That’s about as much as I can hope for right now. Maybe when I finish the new manuscript I’ll have more elbow room? Maybe my NFP committees will go into summer recess and I’ll have breathing space? Maybe once Mack and Big Cat finish school and uni, we can more easily find time to mooch around together?

For now, it is what it is, as the entire AFL world took to saying this year for no apparent reason.

Yes, life is crazy busy, but almost universally in awesome ways. I’m flying in as many if not more directions than normal, and things like boxing and scuba have floated into the background for now, like magic, and like hockey could so easily if I chose to let it go.

Fly Girl gives my new #17 Braves jersey plenty of respect.

Fly Girl gives my new #17 Braves jersey plenty of respect.

But I’m not. I can’t wait for tonight. I can’t wait, even more, to don my own personal Braves jersey for the first time on Thursday and partner Big Cat, my son, for our first official outing as Cherokees. That’s going to rock. I can’t wait to score my first summer league goal of the season (this could take months, if ever) and I can’t wait for that unbeatable feeling of keeping your head in the frenzy of an opposition attack to angle the puck off the boards and safely outside the blue or, better, skating with the puck and managing to pass sweetly to a teammate’s stick, as they charge through our blue line and opposition defenders scramble and the goalie crouches, getting ready, and you charge for The Slot, searching rebounds.

Hockey rocks as much as it ever has. My love remains pure.

I just need to understand that it is one beautiful part of a large, complex jigsaw.

And I need to get back to carrying a deck of Bicycle cards around. Pulling off those tricks on Sunday felt good.

Can you feel it? A new NHL season begins.

The puck dropped in a new NHL season today and you can feel the energy coursing through the veins of the Australian hockey community. None of last year’s depressing extended lock-out with its owner-player political bullshit. Just a set date for the full season and 30 elite teams ready to go. There’s been no shortage of action on Day One, either, with three games producing 7, 10 and 9 goals.

The Wings play tomorrow, against Buffalo, and I can’t wait to set up my trusty iPad on my desk, and see my team go to it, stopping only for a new year’s range of Belle Tyre adverts and occasional cries of ‘Pizza Pizza!’ Hoping captain Zetterberg and genius Datsyuk can brain ’em from the jump.

Pavel Datsyuk: ready to rock the eastern conference.

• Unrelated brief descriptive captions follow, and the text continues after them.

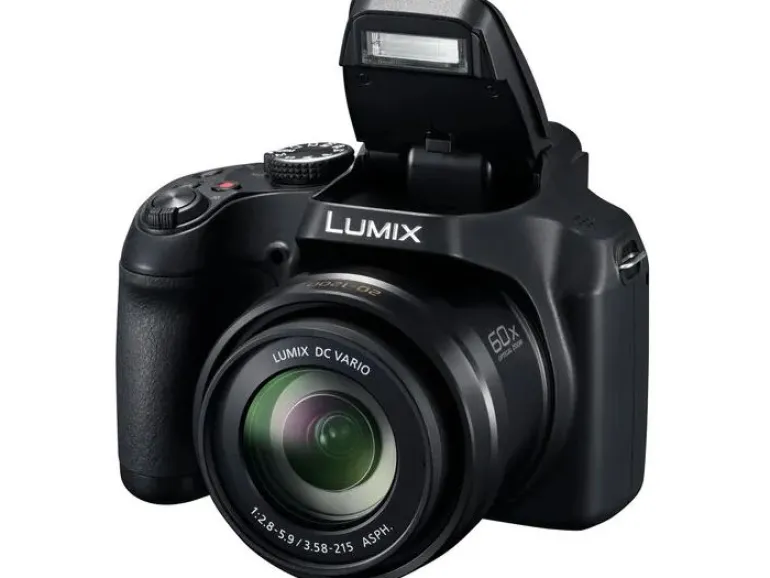 Panasonic Fotokamera DC-FZ82D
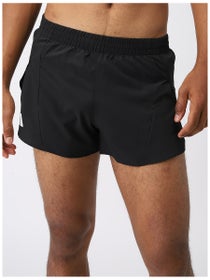adidas Men's adizero Essentials Split Short Black
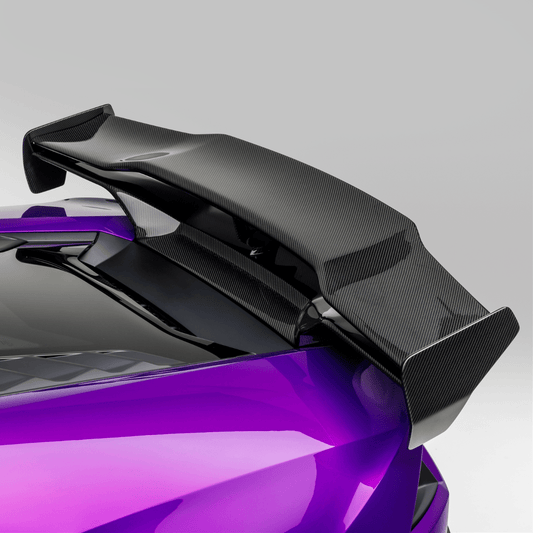 Vorsteiner 3070LOV Lamborghini Huracan EVO Monza Edizione Rear Wing w/ Integrated Decklid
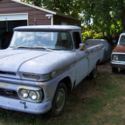 1962 GMC PICKUP TRUCK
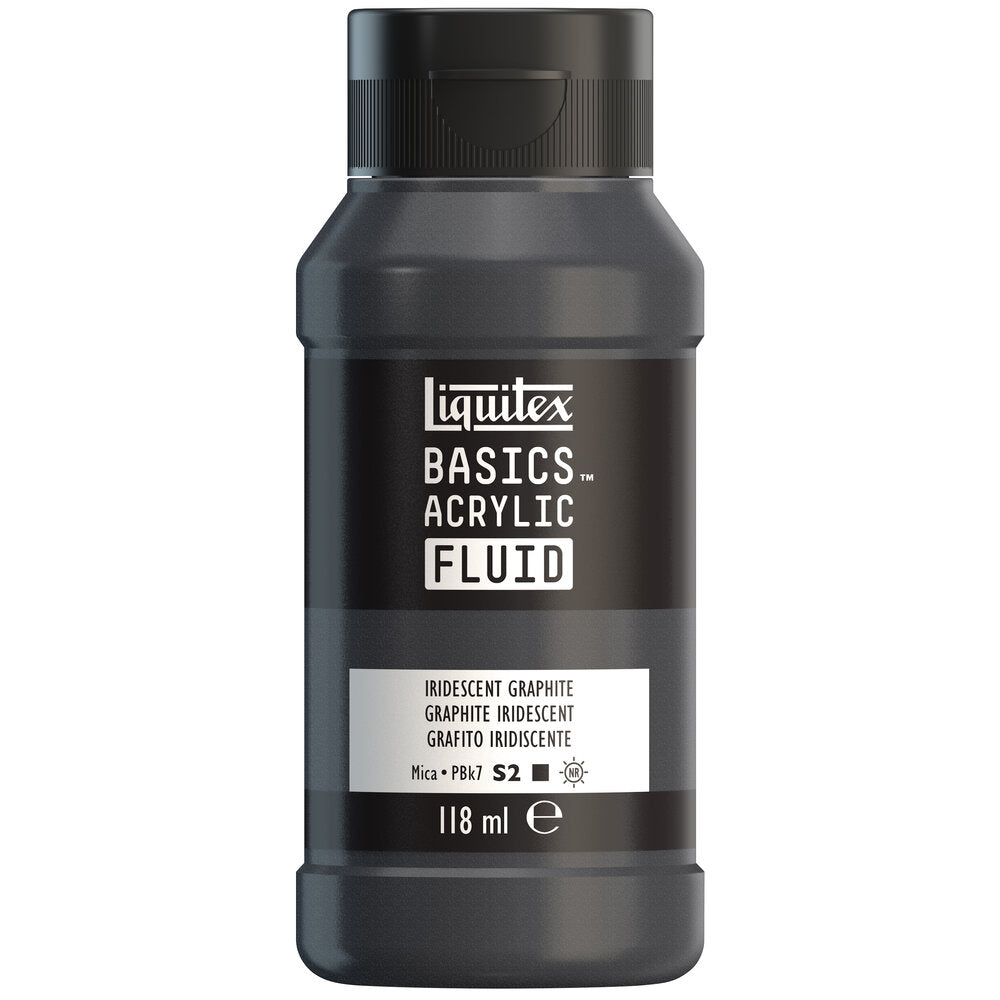 Akrylfärg Liquitex Basics Fluid 118ml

Pavel Datsyuk: ready to rock the eastern conference.

It works so beautifully that the AFL season finishes on a Saturday and four days later NHL action streams onto my Gamecenter. It’s not just the Big Show, either. We’re all gearing up for Victoria’s summer league, which is looming fast; ordering jerseys, training, wondering about linemates we haven’t played with yet, secretly hoping we win a C or an A on our jersey, finding a new enthusiasm for stick-and-puck sessions or even general skates at the Icehouse. A bunch of the Melbourne Ice players have headed to North America for a wedding, and so are planning to attend NHL games over there, including most of our coaches, which will make the start of dev league next week kind of interesting. But I can’t wait to talk to them about the experience of walking into the Joe Louis Arena for the first time.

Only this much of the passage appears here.